Thanks to this man, MDMA could soon be legal for therapy

Commanding the stage in an all-white suit and looking like a Graham Greene character or a televangelist, Rick Doblin, an unlikely guru months shy of his 70th birthday, welcomed a roaring crowd to “the psychedelic twenties”.

Doblin is the founder and president of the Multidisciplinary Association for Psychedelic Studies (Maps), which sponsored last summer’s Psychedelic Science conference in Denver, Colorado, where more than 12,000 people gathered for the event.

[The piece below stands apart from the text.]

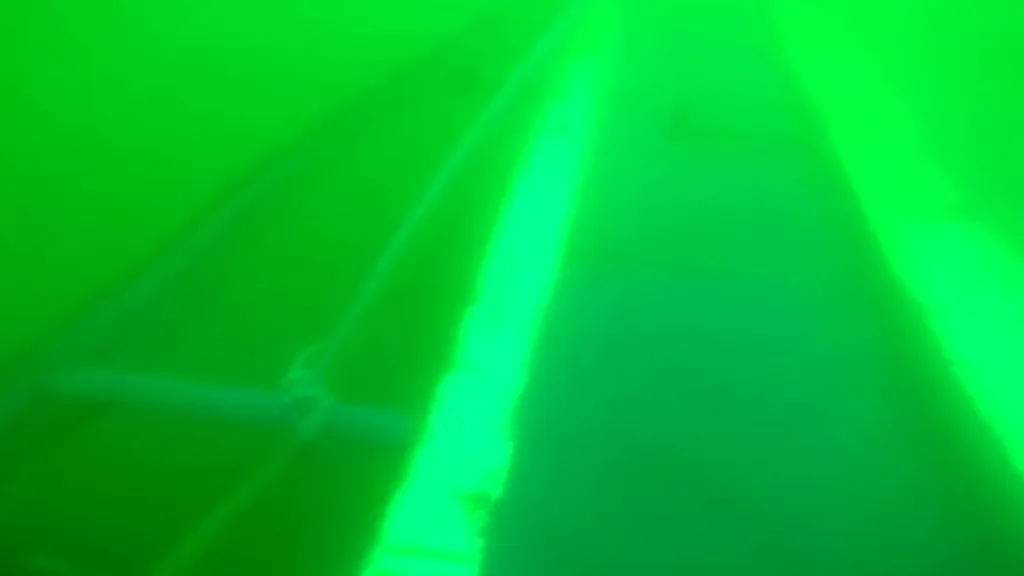 Imagini subacvatice cu pescadorul găsit pe fundul Mării Negre, la Gura Portiței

Since first experimenting with LSD as a college student in Sarasota, Florida, Doblin has been convinced that psychedelics are an antidote to the world’s greatest threat: the capacity for evil, greed and plunder that lies in the heart of man. He created Maps in 1986 as a way to advance “mass mental health” and “spiritualized humanity”.

In practical terms, that has meant advocating for the legal use of mind-bending compounds for recreational, mystical and psychotherapeutic purposes.

From the start, Maps has focused in particular on mainstreaming MDMA, known in the party scene as ecstasy and in segments of the therapeutic community as “penicillin for the soul”.

What once seemed improbable is now coming into view. In December, Maps and its spin-off pharmaceutical company Lykos submitted a new drug application for MDMA-assisted therapy to the FDA, making it the first psychedelic to be considered as a therapeutic product. If approved and successfully rescheduled, it could be legally available later this year. In January, the company received $100m in private equity funding to help support the task of bringing psychedelics into the mental healthcare market.

I spoke with Doblin over Zoom. Our conversation has been edited and condensed for clarity.

What first drew you to work in this field?

Rick Doblin: Let me start by saying that I am the oldest of four kids, Jewish family, and I was deeply disappointed by my bar mitzvah. When you’re 13 years old you think, OK, I’m going to do this ritual and somehow I’m going to be different at the other end of it. And I wasn’t. I was exactly the same.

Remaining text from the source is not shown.